Мне это тоже не понравилось. Но в это же время я увидела сон — какую-то комнату без обоев, с дощатыми стенами. Там стол, накрытый к чаю, и шкаф. Перед ней крыльцо с лестницей. И я понимаю во сне, что это Оптина. Идут монахи. И наконец, батюшка Нектарий, только несколько моложе, чем он был на самом деле. Они все садятся за трапезу. А меня охватывает такое умиление и раскаяние, что я забиваюсь в угол, за шкаф, — и там плачу. Тогда батюшка встает, берет меня за руку, усаживает и поит чаем. Проснулась я с волнением и умилением, а листок и ответ (то есть все, что наяву) — не нравятся. Я не поехала. На Рождество Л. опять поехал к батюшке. Тот долго рылся при нем в письмах, а потом велел сказать мне, что он теперь и ответил бы мне еще, но письмо мое затерял секретарь. Я рассердилась: во-первых, какие могут быть у старцев секретари (к тому времени я удосужилась прочесть Серафимо-Дивеевскую летопись[156], у старца Серафима секретаря не было!); во–вторых, я пишу как исповедь, а он отдает всяким секретарям, а те так небрежны, что теряют такие письма.

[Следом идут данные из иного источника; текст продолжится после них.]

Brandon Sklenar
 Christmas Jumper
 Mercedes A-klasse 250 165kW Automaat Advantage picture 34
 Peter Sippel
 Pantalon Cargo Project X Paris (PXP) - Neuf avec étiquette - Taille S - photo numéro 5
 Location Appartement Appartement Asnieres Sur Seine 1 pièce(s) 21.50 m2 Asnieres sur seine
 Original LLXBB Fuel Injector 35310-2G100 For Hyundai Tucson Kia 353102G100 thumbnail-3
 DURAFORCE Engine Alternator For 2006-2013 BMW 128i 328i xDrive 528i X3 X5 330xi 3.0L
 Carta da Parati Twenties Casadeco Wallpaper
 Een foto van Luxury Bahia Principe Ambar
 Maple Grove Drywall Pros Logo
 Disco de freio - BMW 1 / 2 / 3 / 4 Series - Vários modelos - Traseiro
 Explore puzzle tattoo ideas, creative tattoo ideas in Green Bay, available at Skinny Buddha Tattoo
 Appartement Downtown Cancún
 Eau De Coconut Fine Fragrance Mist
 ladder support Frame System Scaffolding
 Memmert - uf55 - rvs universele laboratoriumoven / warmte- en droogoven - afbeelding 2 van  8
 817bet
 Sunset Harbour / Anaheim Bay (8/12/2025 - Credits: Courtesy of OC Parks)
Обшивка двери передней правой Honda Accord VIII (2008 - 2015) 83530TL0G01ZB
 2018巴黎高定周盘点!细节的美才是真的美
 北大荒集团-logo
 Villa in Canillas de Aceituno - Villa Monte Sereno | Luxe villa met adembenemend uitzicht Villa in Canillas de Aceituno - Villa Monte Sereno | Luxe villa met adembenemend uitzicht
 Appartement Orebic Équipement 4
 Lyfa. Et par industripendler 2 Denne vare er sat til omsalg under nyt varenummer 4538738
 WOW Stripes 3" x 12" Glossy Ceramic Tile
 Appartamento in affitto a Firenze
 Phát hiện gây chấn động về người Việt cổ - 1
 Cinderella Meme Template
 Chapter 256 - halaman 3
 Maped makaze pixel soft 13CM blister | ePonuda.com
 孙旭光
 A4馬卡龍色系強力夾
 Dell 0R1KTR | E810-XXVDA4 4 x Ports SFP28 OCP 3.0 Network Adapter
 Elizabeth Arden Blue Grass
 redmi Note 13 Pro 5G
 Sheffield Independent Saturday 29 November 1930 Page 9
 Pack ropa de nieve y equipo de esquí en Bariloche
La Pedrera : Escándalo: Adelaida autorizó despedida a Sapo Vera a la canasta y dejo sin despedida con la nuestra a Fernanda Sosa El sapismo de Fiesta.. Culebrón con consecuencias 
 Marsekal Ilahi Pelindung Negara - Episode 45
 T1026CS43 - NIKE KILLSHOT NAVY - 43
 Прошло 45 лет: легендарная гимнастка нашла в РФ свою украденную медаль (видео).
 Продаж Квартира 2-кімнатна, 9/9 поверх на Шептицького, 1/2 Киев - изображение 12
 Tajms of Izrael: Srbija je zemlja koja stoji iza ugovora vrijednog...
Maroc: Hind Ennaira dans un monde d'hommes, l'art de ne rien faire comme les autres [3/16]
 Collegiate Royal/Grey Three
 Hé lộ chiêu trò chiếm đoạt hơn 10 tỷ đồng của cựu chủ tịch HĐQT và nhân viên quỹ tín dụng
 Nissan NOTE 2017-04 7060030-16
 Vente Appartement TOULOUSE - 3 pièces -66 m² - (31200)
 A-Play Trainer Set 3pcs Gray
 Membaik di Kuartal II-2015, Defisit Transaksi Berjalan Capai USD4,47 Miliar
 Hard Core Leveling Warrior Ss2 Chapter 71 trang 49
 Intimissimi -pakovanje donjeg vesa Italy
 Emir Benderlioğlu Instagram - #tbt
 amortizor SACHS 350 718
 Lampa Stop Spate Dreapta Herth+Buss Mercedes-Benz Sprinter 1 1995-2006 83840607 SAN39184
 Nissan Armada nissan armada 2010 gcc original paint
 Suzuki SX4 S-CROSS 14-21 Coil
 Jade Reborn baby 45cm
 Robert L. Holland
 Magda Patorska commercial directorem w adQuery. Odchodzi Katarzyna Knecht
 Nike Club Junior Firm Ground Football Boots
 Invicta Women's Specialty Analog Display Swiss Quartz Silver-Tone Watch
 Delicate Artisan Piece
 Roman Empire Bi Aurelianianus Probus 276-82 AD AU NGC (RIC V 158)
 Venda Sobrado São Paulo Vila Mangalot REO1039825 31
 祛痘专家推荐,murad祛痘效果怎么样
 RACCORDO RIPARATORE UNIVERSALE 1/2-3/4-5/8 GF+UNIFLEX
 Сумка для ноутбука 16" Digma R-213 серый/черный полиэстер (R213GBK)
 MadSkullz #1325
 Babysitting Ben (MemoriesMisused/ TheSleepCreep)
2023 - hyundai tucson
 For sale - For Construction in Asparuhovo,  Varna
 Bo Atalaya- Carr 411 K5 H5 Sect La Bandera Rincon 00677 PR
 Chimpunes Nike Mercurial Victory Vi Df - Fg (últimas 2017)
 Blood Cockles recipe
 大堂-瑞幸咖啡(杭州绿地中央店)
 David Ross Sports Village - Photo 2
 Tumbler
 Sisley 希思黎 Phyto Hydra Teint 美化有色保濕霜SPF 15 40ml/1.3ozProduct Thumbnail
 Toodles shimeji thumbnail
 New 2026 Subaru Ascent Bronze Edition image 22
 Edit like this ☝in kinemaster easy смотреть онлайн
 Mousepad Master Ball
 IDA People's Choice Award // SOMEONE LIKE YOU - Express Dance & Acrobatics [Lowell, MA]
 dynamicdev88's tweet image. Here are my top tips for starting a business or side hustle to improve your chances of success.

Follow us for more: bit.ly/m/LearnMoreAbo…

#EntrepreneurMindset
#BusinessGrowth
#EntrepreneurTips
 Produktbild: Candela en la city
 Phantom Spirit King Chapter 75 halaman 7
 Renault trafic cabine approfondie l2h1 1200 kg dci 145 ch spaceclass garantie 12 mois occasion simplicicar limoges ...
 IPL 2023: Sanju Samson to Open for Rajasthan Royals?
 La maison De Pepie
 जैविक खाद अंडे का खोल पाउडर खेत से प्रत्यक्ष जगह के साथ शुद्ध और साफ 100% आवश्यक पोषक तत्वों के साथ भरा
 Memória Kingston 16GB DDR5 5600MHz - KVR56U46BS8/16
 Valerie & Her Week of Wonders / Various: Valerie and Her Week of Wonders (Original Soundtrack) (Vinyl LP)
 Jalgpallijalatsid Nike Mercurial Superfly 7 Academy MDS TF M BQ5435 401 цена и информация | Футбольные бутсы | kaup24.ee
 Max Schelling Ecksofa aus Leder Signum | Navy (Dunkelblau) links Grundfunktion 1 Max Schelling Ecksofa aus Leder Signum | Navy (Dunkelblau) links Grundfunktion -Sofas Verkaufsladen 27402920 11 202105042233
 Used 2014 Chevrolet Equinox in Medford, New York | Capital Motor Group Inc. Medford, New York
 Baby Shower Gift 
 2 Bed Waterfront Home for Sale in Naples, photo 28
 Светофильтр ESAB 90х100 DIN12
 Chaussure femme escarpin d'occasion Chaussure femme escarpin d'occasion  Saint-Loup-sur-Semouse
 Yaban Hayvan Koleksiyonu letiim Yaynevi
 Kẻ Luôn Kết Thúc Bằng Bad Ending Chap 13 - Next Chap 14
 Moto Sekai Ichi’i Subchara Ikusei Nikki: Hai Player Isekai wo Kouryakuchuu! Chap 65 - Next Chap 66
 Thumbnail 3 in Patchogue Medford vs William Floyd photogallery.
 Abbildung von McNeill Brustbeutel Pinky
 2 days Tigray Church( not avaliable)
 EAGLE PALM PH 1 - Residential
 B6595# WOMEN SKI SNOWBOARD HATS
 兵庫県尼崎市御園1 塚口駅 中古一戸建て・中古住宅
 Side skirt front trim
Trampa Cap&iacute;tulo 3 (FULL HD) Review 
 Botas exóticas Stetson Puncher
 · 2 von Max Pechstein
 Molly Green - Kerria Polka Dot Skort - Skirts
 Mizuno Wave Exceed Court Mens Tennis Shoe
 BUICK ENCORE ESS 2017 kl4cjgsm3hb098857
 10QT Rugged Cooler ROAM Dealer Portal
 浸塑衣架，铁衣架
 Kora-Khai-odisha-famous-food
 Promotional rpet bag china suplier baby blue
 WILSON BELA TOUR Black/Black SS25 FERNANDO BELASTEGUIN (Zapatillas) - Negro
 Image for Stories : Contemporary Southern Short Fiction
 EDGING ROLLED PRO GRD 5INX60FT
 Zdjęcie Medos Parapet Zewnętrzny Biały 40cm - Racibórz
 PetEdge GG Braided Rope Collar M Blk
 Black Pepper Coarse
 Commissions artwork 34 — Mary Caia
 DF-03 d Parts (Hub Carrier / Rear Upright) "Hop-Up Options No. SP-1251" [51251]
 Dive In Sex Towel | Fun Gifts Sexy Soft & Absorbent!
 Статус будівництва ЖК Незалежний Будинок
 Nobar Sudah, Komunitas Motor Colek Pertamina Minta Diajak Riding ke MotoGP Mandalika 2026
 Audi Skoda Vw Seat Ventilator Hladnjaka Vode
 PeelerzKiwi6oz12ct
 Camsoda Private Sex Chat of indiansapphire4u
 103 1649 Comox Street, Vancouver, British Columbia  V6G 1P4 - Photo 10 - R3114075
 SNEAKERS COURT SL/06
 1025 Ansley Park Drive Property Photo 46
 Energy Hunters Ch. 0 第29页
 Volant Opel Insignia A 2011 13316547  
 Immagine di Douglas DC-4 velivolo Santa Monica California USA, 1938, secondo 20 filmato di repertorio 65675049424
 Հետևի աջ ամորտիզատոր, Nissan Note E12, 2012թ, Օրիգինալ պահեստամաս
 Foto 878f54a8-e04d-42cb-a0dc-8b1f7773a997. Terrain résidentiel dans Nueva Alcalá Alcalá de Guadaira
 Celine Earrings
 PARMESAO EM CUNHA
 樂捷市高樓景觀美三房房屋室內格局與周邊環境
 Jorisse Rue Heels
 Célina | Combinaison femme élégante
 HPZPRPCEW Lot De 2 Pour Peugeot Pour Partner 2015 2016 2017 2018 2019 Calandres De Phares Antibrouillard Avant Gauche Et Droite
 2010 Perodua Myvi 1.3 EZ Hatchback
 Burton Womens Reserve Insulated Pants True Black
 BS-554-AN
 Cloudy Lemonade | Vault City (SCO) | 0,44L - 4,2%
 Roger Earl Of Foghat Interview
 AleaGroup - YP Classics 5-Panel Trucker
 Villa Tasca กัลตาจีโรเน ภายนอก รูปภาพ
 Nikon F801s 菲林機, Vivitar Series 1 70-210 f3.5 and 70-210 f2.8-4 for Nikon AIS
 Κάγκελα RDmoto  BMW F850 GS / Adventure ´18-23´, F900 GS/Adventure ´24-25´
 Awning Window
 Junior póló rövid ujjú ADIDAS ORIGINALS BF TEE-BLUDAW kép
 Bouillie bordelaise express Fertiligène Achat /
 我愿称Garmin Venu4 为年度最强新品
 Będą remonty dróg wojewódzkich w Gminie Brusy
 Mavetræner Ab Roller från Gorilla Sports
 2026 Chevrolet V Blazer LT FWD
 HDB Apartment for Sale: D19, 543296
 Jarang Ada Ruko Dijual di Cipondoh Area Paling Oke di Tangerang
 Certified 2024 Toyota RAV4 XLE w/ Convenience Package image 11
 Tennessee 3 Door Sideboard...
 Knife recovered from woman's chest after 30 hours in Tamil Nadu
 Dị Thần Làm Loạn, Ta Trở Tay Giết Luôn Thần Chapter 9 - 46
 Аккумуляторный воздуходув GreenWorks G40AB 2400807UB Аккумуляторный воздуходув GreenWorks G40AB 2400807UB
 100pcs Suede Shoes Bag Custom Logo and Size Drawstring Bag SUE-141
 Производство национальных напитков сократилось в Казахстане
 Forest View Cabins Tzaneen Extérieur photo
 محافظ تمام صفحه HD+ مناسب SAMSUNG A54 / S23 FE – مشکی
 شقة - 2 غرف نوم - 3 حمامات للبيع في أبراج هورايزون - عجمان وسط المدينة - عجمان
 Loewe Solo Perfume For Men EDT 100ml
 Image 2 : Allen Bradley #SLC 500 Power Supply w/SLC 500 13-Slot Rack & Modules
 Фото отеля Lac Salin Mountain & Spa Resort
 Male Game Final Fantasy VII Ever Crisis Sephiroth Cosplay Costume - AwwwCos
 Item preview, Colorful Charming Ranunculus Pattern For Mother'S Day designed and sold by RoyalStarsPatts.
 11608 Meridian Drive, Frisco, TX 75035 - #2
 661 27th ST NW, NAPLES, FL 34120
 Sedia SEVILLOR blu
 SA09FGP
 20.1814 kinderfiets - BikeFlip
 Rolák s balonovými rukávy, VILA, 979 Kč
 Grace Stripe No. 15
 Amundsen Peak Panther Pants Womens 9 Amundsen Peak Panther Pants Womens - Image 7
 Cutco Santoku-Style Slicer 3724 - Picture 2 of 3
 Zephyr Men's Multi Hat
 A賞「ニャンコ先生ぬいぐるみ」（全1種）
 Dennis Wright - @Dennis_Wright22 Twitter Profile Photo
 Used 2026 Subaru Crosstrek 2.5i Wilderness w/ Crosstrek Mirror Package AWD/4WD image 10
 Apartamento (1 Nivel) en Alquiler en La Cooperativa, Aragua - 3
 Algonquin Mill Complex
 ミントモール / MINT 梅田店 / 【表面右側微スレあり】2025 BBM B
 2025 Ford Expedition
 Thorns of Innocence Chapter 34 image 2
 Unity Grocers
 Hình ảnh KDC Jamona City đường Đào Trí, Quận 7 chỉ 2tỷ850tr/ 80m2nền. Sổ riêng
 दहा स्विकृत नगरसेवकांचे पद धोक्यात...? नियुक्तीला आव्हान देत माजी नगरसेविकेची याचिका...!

Я не только не поехала, но махнула на Оптину рукой. А так как я тосковала и мне было трудно и страшно, то я старалась заглушить все и распутством, и надрывами всякими.
В июне приходит ко мне один издатель и предлагает участвовать в серии книг “Религия и революция” — написать об Оптиной сейчас.
— Я там не была и ничего не знаю.
— А вы поезжайте и посмотрите на месте.
— У меня денег нет.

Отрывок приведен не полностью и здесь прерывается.